Centring process information model

In this paper, based on the standard machine tool manufacturing information model is modified and extended to propose the information model of the centring turning machining process, and the tree structure is used to describe it, as shown in Figure XX. The information model has three elements: information object, attribute and attribute set. Among them, information objects are conceptualized descriptions of real or abstract entities of the machining process, such as spindles, chucks, and process documents. Attributes are textualized or digitized descriptions of the nature and characteristics of information objects. An attribute set is a collection of attributes. The information model is instantiated according to the above definition to get the centring machining system information model with practical significance, as shown in Figure 6.

Figure 6. The information model of a digital twin for high-precision lens centring process.

Figure 6. The information model of a digital twin for high-precision lens centring process.

2)

Data communication scheme based on OPC UA

OPC UA is a new generation of service-oriented communication solution for cross-platform transmission and transmission process security in the manufacturing field developed based on OPC Classic, which supports a wide variety of data semantics and information models and can unify the communication mechanism and data interaction mode of different industrial devices and solve the problem of data transmission and communication of the machining process. OPC UA mainly consists of three parts. OPC UA specifically includes three parts: OPC DA, i.e. OPC Data Access, defines the value, event and quality information of the data exchange process, which is the most important function in OPC, and is mainly used for the transmission and communication of production data, process data and factual state of the equipment; OPC HDA, i.e. OPC Historical Data Access, defines methods for querying and analyzing the data which can be applied to the historical data and time data; OPC HDA, i.e. OPC Historical Data Access, defines methods for querying and analyzing the data which can be applied to the historical data and time data. OPC HDA, OPC Historical Data Access, defines the methods that can be applied to the query and analysis of historical data and time data; OPC AE, OPC Alarms & Events, defines the exchange of alarms and event-type message information, as well as variable state and state management. C/S, i.e. Client/server architecture is used to realize the construction of the OPC UA system. The OPC UA Client includes the OPC UA client application, communication stack, and client API, and can send and receive OPC UA service requests to and from the OPC UA server side. the OPC UA Server includes the OPC UA server application, communication stack, address space, publish/subscribe entity, and server interface API. The OPC UA C/S OPC UA C/S architecture through the publish/subscribe machine to realize the interaction between the client and the server, the process is, through the client-side communication stack request to generate a session release queue, the server-side communication stack to set up the monitoring items for subscription monitoring, after accepting the session, call request the corresponding service, and in the node of the address space to perform the tasks specified in the request after sending notifications and publish the answer, as shown in Figure 7.

Figure 7. The workflow of OPC UA Client and Server.

Figure 7. The workflow of OPC UA Client and Server.

3.3. VMD-GRU Intelligent Monitoring Approach

The digital twin system provides accurate and reliable intelligent services for the stages of manufacturing, operation and maintenance, to optimise the machining and manufacturing process to achieve intelligent manufacturing. Current research on digital twins focuses on the level of model frameworks and less on the development of actual intelligent services, which is an important reason why digital twins are difficult to promote on the ground.
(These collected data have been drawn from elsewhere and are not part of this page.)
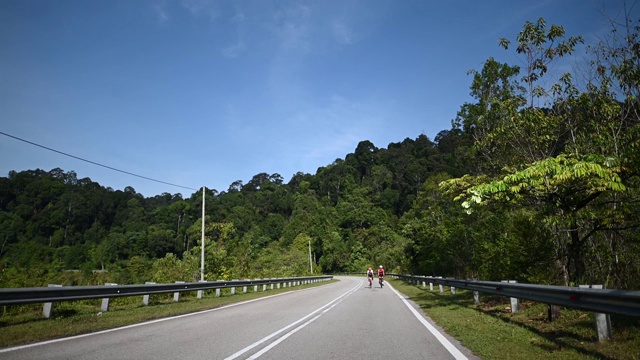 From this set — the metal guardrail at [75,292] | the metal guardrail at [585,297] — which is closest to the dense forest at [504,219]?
the metal guardrail at [585,297]

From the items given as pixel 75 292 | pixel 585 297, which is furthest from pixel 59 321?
pixel 585 297

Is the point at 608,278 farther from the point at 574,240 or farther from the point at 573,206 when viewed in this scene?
the point at 573,206

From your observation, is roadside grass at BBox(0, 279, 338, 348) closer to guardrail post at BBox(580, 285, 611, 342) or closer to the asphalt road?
the asphalt road

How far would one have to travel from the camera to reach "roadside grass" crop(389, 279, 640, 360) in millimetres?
5602

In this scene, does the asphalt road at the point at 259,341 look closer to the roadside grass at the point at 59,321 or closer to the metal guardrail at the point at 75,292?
the roadside grass at the point at 59,321

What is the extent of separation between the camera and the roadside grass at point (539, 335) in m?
5.60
With the machining process, the key components of the equipment change, in the wear of the tool has an important impact on the quality of the workpiece, so it is important to achieve the monitoring of the status of the tool to ensure the quality of machining and improve productivity. Tool condition monitoring methods have direct and indirect methods, while the implementation of the direct method of high cost and affects the continuity of machining, so the application has been limited, while the indirect method is through the sensor acquisition of displacement, force, acoustic emission, spindle power and other signals to indirectly monitor the amount of tool wear. In this paper, for the centring machining process, based on the digital twin system mentioned above, an intelligent monitoring service for the state of the tool, a key component of the machining system, is developed. Firstly, the time-frequency domain eigencomponents of the sensed data are extracted using the VMD variational modal decomposition, and then the input eigenvectors are constructed by normalising them, and finally the wear amount is predicted using the GRU's sequential model to predict the wear amount.
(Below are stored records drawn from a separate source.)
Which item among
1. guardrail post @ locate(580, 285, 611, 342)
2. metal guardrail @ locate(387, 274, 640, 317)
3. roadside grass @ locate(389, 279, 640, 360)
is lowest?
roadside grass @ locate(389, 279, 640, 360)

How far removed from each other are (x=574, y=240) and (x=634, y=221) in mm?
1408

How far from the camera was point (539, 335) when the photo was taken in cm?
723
Sensor data have a low data value density due to the presence of a large amount of random background noise and repetitive redundant data, and also due to the complex coupling relationship between various signals. Therefore, the sensed data must be processed to accurately extract the effective components to construct suitable features as model inputs, which is crucial for the final effect of monitoring.
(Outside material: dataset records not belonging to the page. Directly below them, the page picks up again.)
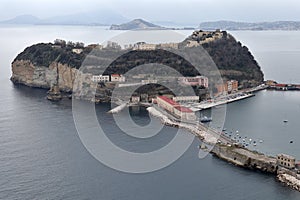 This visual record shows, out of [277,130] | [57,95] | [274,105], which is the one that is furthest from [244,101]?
[57,95]

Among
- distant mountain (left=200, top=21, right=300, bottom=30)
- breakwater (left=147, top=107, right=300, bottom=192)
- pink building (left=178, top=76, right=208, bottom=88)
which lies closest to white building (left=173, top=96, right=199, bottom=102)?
pink building (left=178, top=76, right=208, bottom=88)

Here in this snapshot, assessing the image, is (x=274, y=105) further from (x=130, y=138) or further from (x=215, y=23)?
(x=215, y=23)

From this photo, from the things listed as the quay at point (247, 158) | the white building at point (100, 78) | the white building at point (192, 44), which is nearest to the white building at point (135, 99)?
the white building at point (100, 78)

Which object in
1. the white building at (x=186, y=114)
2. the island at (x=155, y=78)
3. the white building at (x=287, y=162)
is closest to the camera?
the white building at (x=287, y=162)

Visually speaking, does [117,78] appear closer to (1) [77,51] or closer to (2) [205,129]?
(1) [77,51]

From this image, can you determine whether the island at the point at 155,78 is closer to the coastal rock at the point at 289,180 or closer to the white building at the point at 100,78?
the white building at the point at 100,78

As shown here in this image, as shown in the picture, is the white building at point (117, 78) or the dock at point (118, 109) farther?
the white building at point (117, 78) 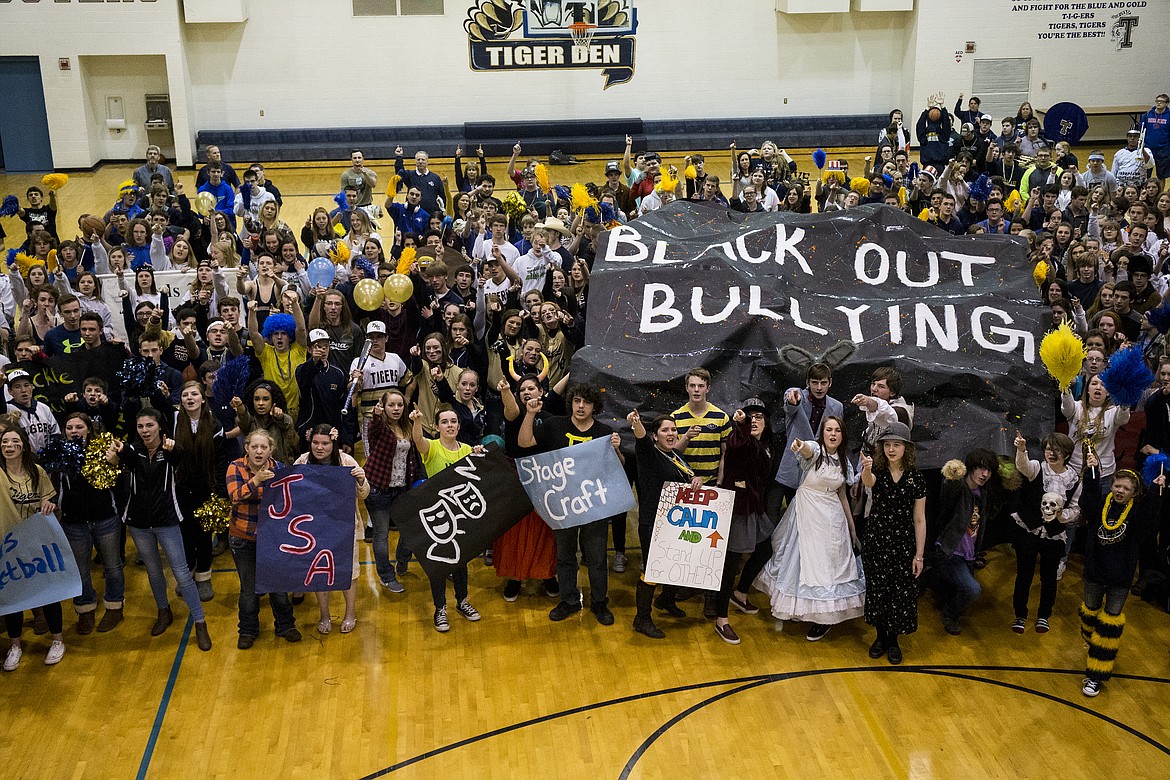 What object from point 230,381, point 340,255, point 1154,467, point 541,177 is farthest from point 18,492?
point 541,177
Firstly, suitable signal processing methods are chosen to convert the signals. In time series signal analysis, there are three main extraction methods commonly used, the method of time domain analysis, the method of frequency domain analysis, and the method of time-frequency domain analysis. Among them, the method of time domain analysis and frequency domain analysis is to decompose the signal in time domain and frequency domain respectively, which is suitable for dealing with smooth signals. In this paper, the monitoring of the components, due to the damage process of the components will change the frequency domain characteristics, which belong to the typical non-smooth signal. Therefore, this paper adopts the time-frequency domain analysis method commonly used for non-smooth signals. The vibration signal's inherent modal component IMF component is extracted using the variational modal decomposition VMD method[28]. The basic idea is to assume that all IMFs are bandwidth-limited components near their centre frequencies so that the sum of the estimated bandwidths is minimised, which translates into the following constrained variational problem:

It is realised as follows.

$$\min \left\{{\displaystyle \sum _{k=1}^K\left|\right|{\partial }_t[\left(\delta (t)+\frac{j}{\pi t}·u_k(t)\right)e^{-j\omega kt}]|{|}_2^2}\right\}$$

(1)

$$\mathrm{s}.\mathrm{t}.{\displaystyle \sum _{k=1}^K{u}_k=s}$$

(2)

initialise the parameters.

$$\left\{{\widehat{u}}_k^1\right\},\left\{{\omega }_k^1\right\},{\widehat{\lambda }}^1,n\leftarrow 0$$

$${\omega }_k^{n+1}\leftarrow \frac{{\displaystyle {\int }_0^{\infty }\omega {\left|{\widehat{u}}_k^{n+1}(\omega )\right|}^2}d\omega }{{\displaystyle {\int }_0^{\infty }{\left|{\widehat{u}}_k^{n+1}(\omega )\right|}^2}d\omega }$$

(3)

2. update the parameters cyclically

$${\widehat{\lambda }}^{n+1}(\omega )\leftarrow {\widehat{\lambda }}^n(\omega )+\tau (\widehat{f}(\omega )-{\displaystyle \sum _k{\widehat{u}}_k^{n+1}(\omega )})$$

(4)

3. judge whether the convergence condition is satisfied, then end and output the result, otherwise repeat step 2.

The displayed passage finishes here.